Whatever you do, don't buy cheap boots. All lower priced boot models (afaik) are noodle socks. Fuck those pasta leiderhosen!


----------



## neni (Dec 24, 2012)

scotty100 said:


> Boots - personal preference is big here. Soft/stiff etc. *Stick with Burton if you intend getting burton bindings and deck*. Buy the boots first. Try on a ton of different models and make sure whoever serves you knows how to fit you into the boot.
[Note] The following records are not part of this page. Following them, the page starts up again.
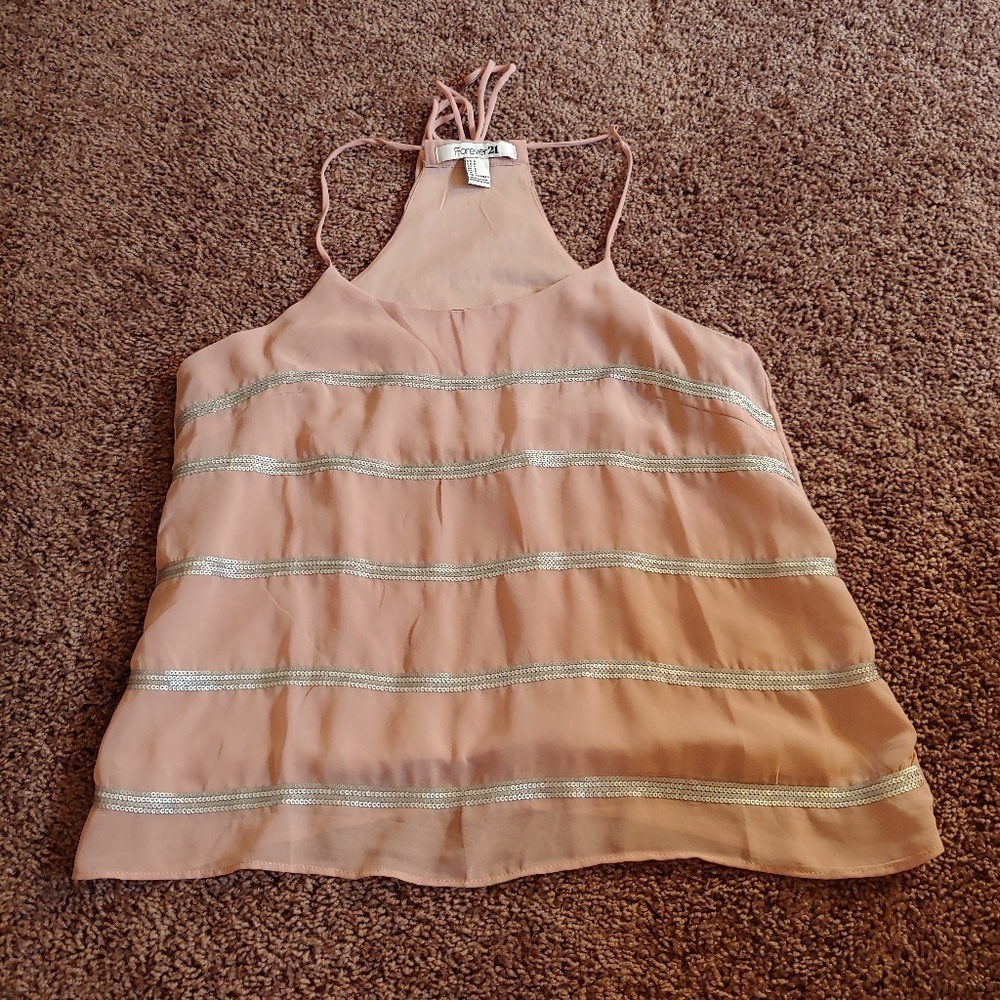 Forever 21 pale pink shimmery silver striped tank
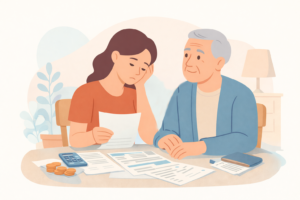 Aidante accompagnant une personne âgée à domicile avec bienveillance et soutien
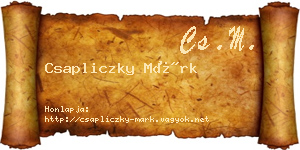 Csapliczky Márk névjegykártya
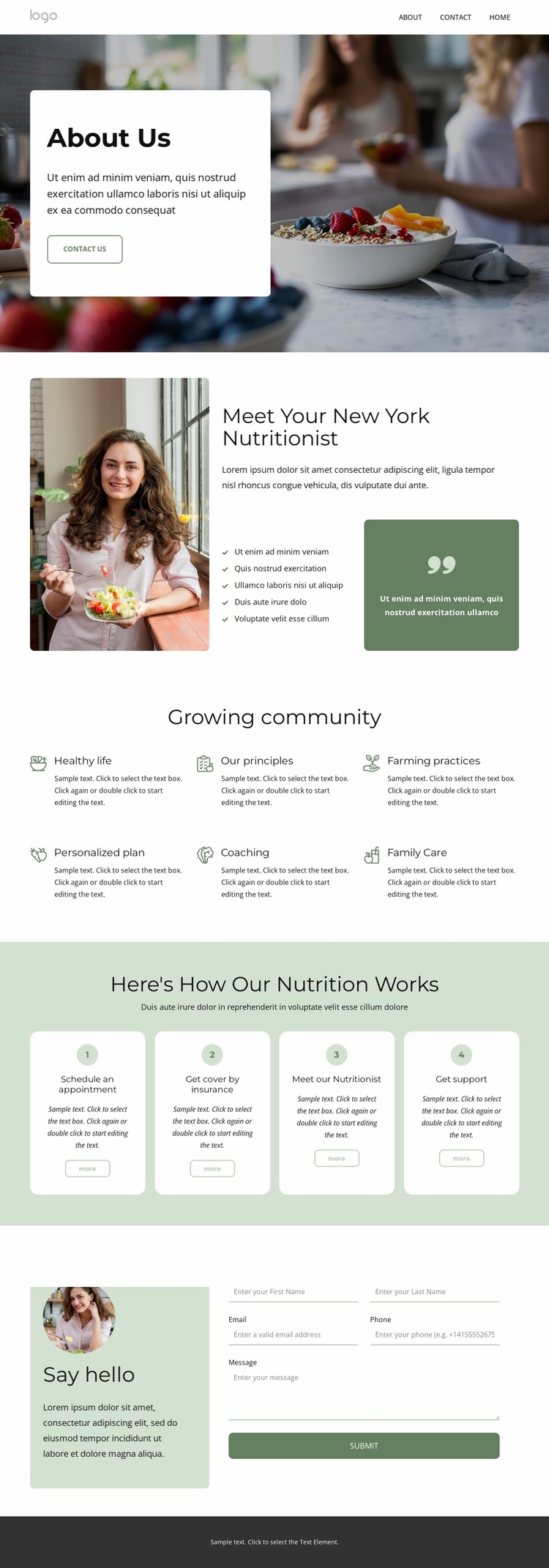 Certified nutritionist Html Website Builder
otherwise sound advice but there's no reason at all to stick just with Burton boots just cos you want to go with Burton bingings. Any boot will fit almost any binding (never came across any problem and mixed boot/bindings of Samomon/Ride/Nidecker/Burton/K2/Spark/Deeluxe...) Each brand has bit different fit, go for the boot which fits your _feet_ best, no matter which brand.


----------



## deagol (Mar 26, 2014)

noone1 said:


> .... I'd eventually like to do a lot of heli boarding. ....


you must be loaded?

If you really are going to do a lot of heli-boarding, I would avoid a freestyle/park board. I would want a dedicated powder board.


----------



## neni (Dec 24, 2012)

deagol said:


> you must be loaded?
> 
> If you really are going to do a lot of heli-boarding, I would avoid a freestyle/park board. I would want a dedicated powder board.


...or a dedicated big mountain freeride board . It all depends on the BC terrain and snow... aaaand personal preference


----------